Benefits of Load Balancing
Load balancing not only provides high availability to businesses and companies but also serves other valuable advantages:
- Load balancing provides a quick and qualitative response to demand if there is an increase in transactions.
- Load balancing makes sure that high availability is achieved in case of platform transitions.
- Load balancing reduces a system slowdown if the user is running a different version of an application in two distinct environments.
- When using Kubernetes load balancers, users have the very best data monitoring and analytics, as it improves server utilization, provides faster data transactions, and reduces system down events.
- During maintenance, outages are reduced because users are routed to online servers.
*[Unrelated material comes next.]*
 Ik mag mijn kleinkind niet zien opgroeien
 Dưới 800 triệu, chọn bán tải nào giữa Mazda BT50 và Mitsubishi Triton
Types of Load Balancers in Kubernetes
Kubernetes load balancer is the process of task distributions over a set of resources that results in quick and efficient processing. The tasks are evenly distributed to prevent the overloading of computer nodes and also optimize the response time. In Kubernetes, two types of load balancers are there, internal load balancers and external load balancers. Internal load balancers send information across containers within the same Virtual Private Cloud. The External Load Balancers send external HTTP requests directly into a cluster along with an IP address and then the cluster sends internet traffic to nodes identified by ports.
How does Kubernetes Load Balancer Work?
Kubernetes load balancer focuses on two functions, the first is to expose Kubernetes services to the outside world and the second is to balance network traffic loads to those services. Containers that are related by function in Kubernetes are organized into pods and all related pods are organized into a service. Kubernetes automatically create and destroy pods as required because these are not designed to be persistent. Every pod comes with a new IP address and since pods are not consistent even their IP address is also not consistent. Nevertheless, a stable ClusterIP is assigned to a group of pods that can be accessed within that Kubernetes cluster only. These pods can be accessed by other Kubernetes containers within a service through a Cluster that are not accessible from outside the cluster. Thus, to handle all requests from outside the cluster and pass traffic along the services, users will require a load balancer. The other type of load balancer is the true network traffic load balancing. It distributes network traffic to services as per predetermined algorithms.